Summary Prerequisites and limitations Architecture Tools Epics Related resources

Automate cross-Region failover and failback by using DR Orchestrator Framework

Created by Jitendra Kumar (AWS), Oliver Francis (AWS), and Pavithra Balasubramanian (AWS)

Code repository: aws-cross-region-dr-databases	Environment: Production	Technologies: Databases; Infrastructure; Migration; Modernization
AWS services: Amazon Aurora; AWS CloudFormation; Amazon ElastiCache; Amazon RDS; AWS Step Functions

Summary

This pattern describes how to use DR Orchestrator Framework to orchestrate and automate the manual, error-prone steps to perform disaster recovery across Amazon Web Services (AWS) Regions. The pattern covers the following databases:

Amazon Relational Database Service (Amazon RDS) for MySQL, Amazon RDS for PostgreSQL, or Amazon RDS for MariaDB
Amazon Aurora MySQL-Compatible Edition or Amazon Aurora PostgreSQL-Compatible Edition (using a centralized file)
Amazon ElastiCache (Redis OSS)

To demonstrate the functionality of DR Orchestrator Framework, you create two DB instances or clusters. The primary is in the AWS Region us-east-1, and the secondary is in us-west-2. To create these resources, you use the AWS CloudFormation templates in the App-Stack folder of the aws-cross-region-dr-databases GitHub repository.

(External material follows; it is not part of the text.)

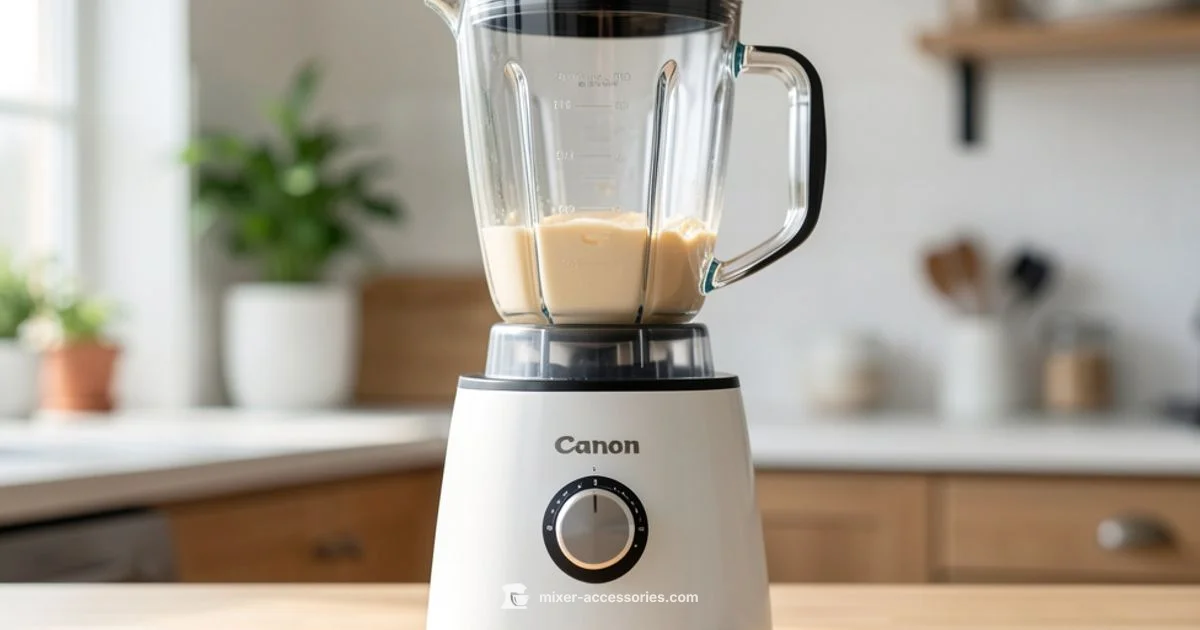 Blender Funding - Mixer Accessories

Prerequisites and limitations

General prerequisites

DR Orchestrator Framework deployed in both primary and secondary AWS Regions
Two Amazon Simple Storage Service buckets
A virtual private cloud (VPC) with two subnets and an AWS security group

Engine-specific prerequisites

Amazon Aurora – At least one Aurora global database must be available in two AWS Regions. You can use us-east-1 as the primary Region, and use us-west-2 as the secondary Region.
Amazon ElastiCache (Redis OSS) – An ElastiCache global datastore must be available in two AWS Regions. You can use us-east-1 as the primary Region, and use us-west-2 as the secondary Region.

Amazon RDS limitations

DR Orchestrator Framework doesn't check the replication lag before doing a failover or failback. Replication lag must be checked manually.
This solution has been tested using a primary database instance with one read replica. If you want to use more than one read replica, test the solution thoroughly before implementing it in a production environment.

Aurora limitations

Feature availability and support vary across specific versions of each database engine and across AWS Regions. For more information on feature and Region availability for cross-Region replication, see Cross-Region read replicas.
Aurora global databases have specific configuration requirements for supported Aurora DB instance classes and the maximum number of AWS Regions. For more information, see Configuration requirements of an Amazon Aurora global database.
This solution has been tested using a primary database instance with one read replica. If you want to use more than one read replica, test the solution thoroughly before implementing it in a production environment.

ElastiCache limitations

For information about Region availability for Global Datastore and ElastiCache configuration requirements, see Prerequisites and limitations in the ElastiCache documentation.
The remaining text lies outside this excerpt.